Polarizable Embedding “The Frame”

Sadly both Polarizable Embedding and Projective-Embedding are often abbreviated as PE, which can lead to confusion. Here, we will instead use Frame for Fragment-based Multiscale Embedding or written-out Polarizable Embedding, while Projective-Embedding remains PE.

The Frame acronym comes is also appropiate as you can think of the Polarizable Embedding as the outer layer - the Frame that holds the solvent/environment response, while Projective-Embedding focuses wavefunction accuracy inside your embedded Quantum Mechanical region.

In this example, we start from a PDB file of acrolein in water, then we demonstrate how to:

Generate a polarizable embedding potential (.pot) and DALTON molecule file (.mol) using PyFraME,
Convert the DALTON .mol to .xyz,
Finally run a Qrunch calculation that combines a polarizable “Frame” (the solvent environment) with our Projection-based Wavefunction-in-DFT embedding (PE) to solve a small active region.

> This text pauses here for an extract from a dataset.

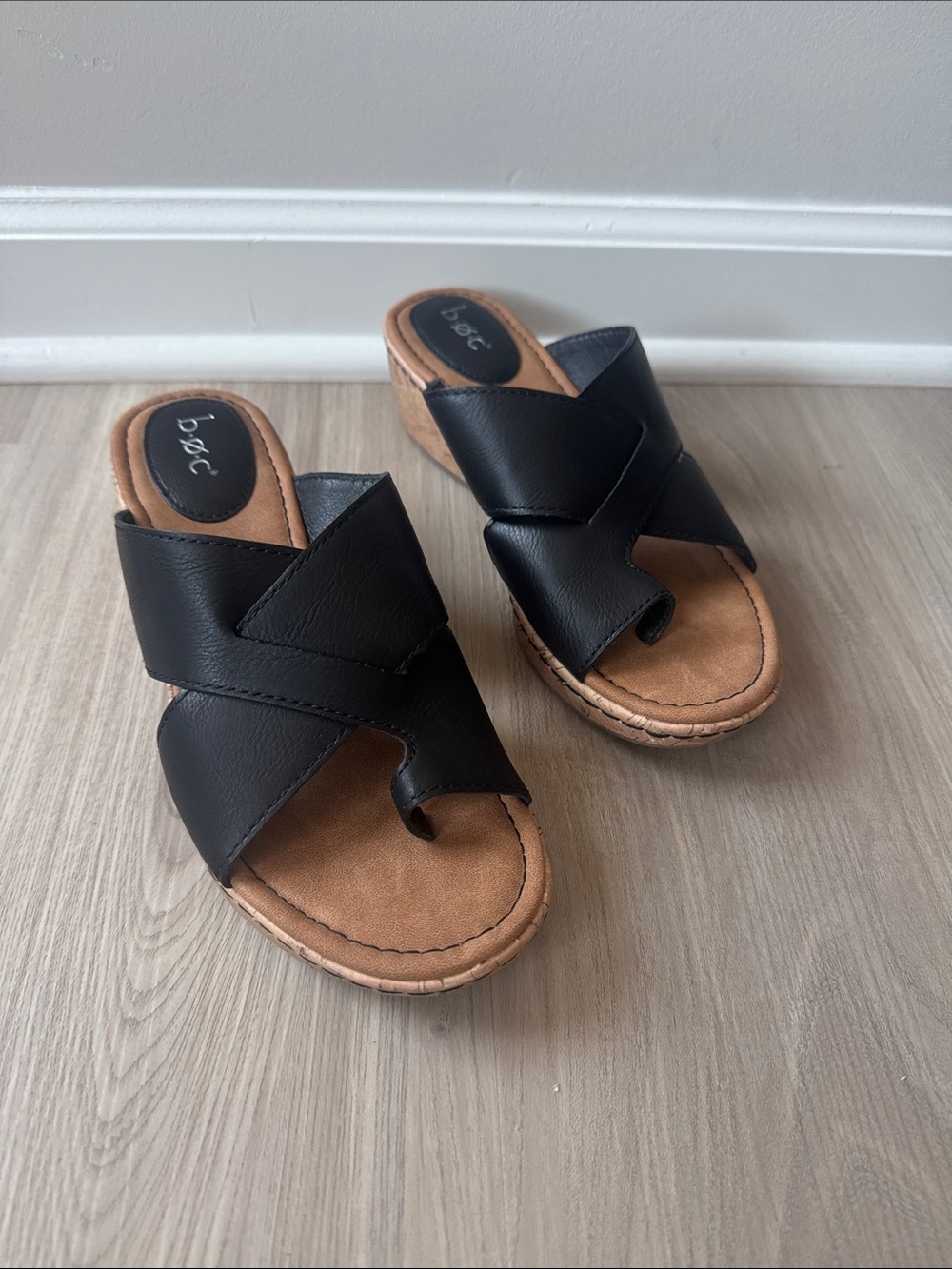 boc Black Crossover Toe-Loop Slide Mules with Tan Footbed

This naturally yields a three-level hierarchy:

Frame: polarizable environment (classical, distributed multipoles + polarizabilities)
DFT on the full molecule: mean-field description supplying orbitals & density
Embedded WF solver: high-level treatment inside the active region

References and background

Files used in this tutorial

Input PDB: acrolein_water.pdb (from the Zenodo dataset above) Download acrolein_water.pdb
PyFraME script: run_pyframe.py Download run_pyframe.py
Converter: mol_to_xyz.py → produces acrolein_water.xyz Download mol_to_xyz.py

You may preview the PDB interactively with the Dash Molecule 3D Viewer:

Go to the Data tab.
Click the Drag and drop or click to upload file area.
Upload acrolein_water.pdb.

1) Generate the PE Frame potentials with PyFraME

Download the helper

run_pyframe.py

Given the PDB file acrolein_water.pdb in your working directory, run your helper script.

$ python run_pyframe.py

This will create a new folder acrolein_water/ with:

acrolein_water.pot — the polarizable embedding potential
acrolein_water.mol — a DALTON molecule input file

2) Convert DALTON `.mol` → `.xyz`

Qrunch expects an .xyz. So we use the converter:

Download the converter

mol_to_xyz.py

Run it

python mol_to_xyz.py acrolein_water/acrolein_water.mol acrolein_water.xyz

3) Run Qrunch with a PE Frame + Projective-Embedding

We now have the molecule input that define the quantum mechanical region .xyz and the potential .pot file that represents the polarizable environment. We can now run the qrunch script.

Full script

The script below shows the full script, which are then explained section by section.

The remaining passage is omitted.